**YOUR TASK**. Would you retype exactly the lines from the one holding "Wedding Gift For" through the last line of the listing, and only those, without pictures?
================================
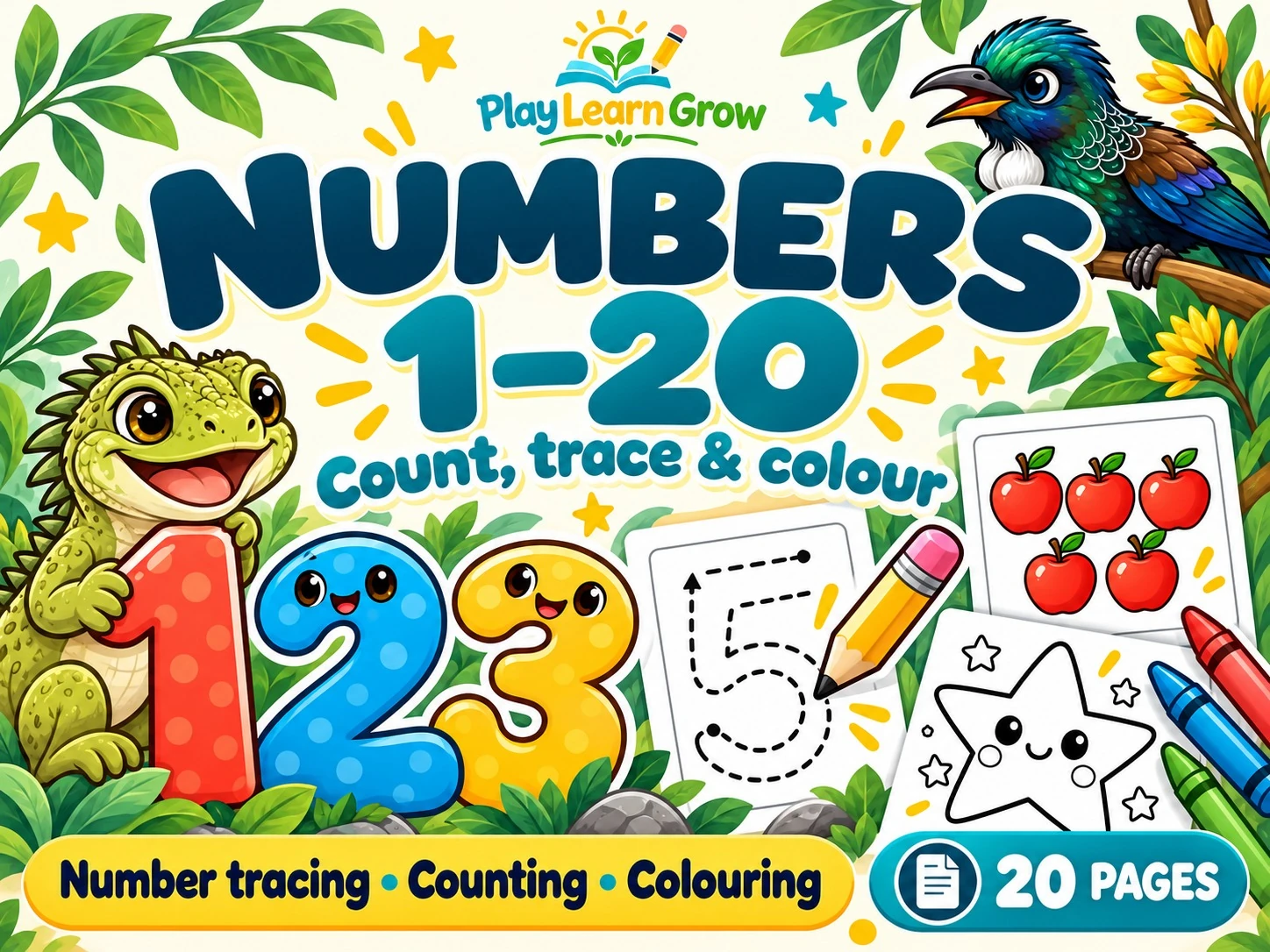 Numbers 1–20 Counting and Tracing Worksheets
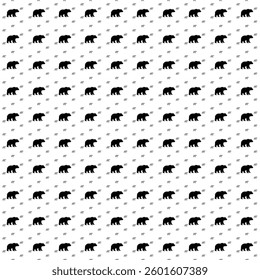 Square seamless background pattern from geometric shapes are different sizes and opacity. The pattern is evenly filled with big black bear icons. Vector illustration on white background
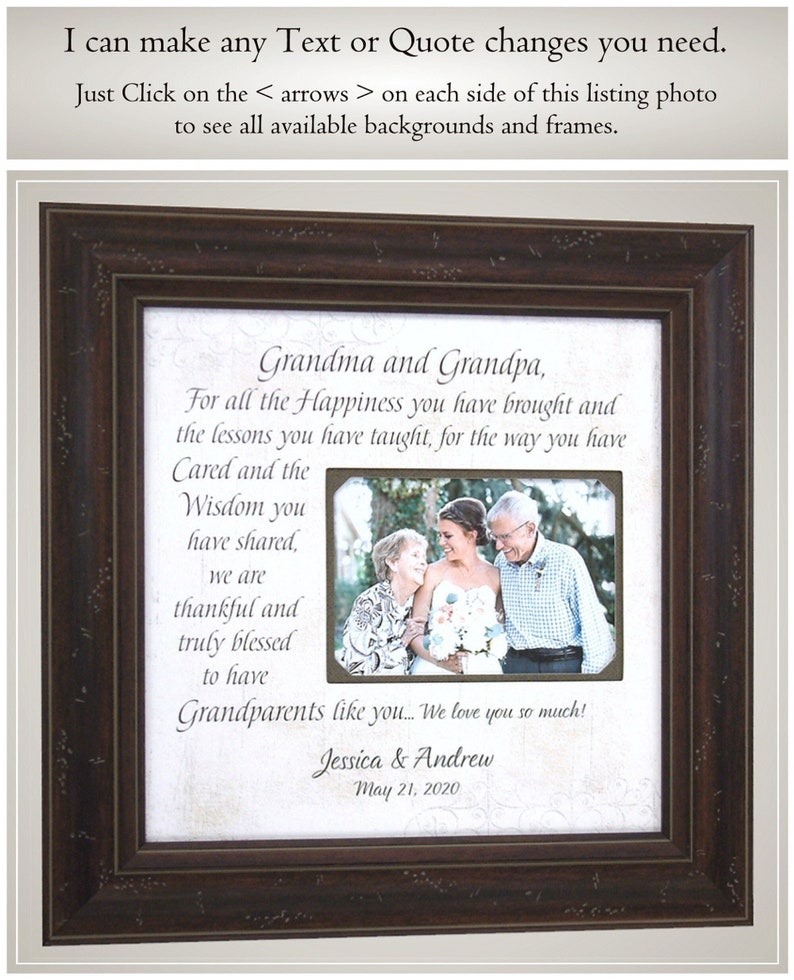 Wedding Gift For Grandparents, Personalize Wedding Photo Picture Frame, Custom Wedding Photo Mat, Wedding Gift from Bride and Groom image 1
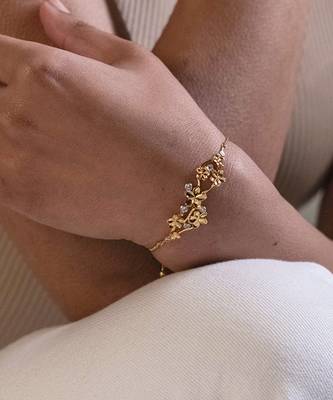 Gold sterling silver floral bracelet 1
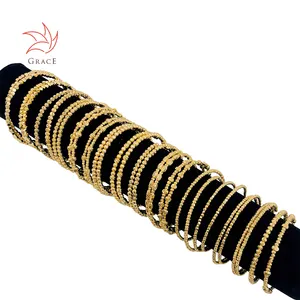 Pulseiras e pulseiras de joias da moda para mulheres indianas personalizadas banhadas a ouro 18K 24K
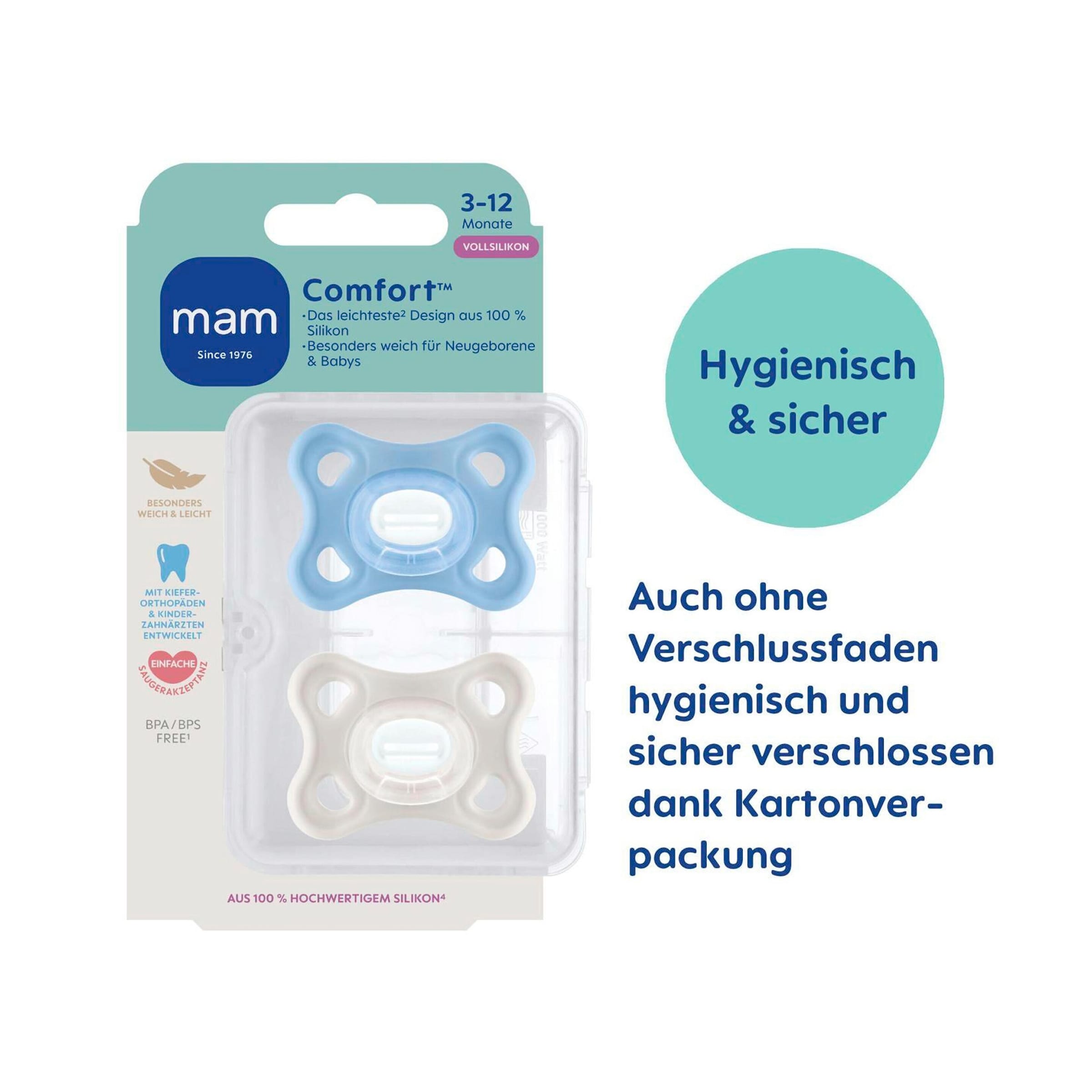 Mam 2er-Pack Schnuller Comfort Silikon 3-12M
================================
**ANSWER**.
 Wedding Gift For Grandparents, Personalize Wedding Photo Picture Frame, Custom Wedding Photo Mat, Wedding Gift from Bride and Groom image 1
 Gold sterling silver floral bracelet 1
 Pulseiras e pulseiras de joias da moda para mulheres indianas personalizadas banhadas a ouro 18K 24K
 Mam 2er-Pack Schnuller Comfort Silikon 3-12M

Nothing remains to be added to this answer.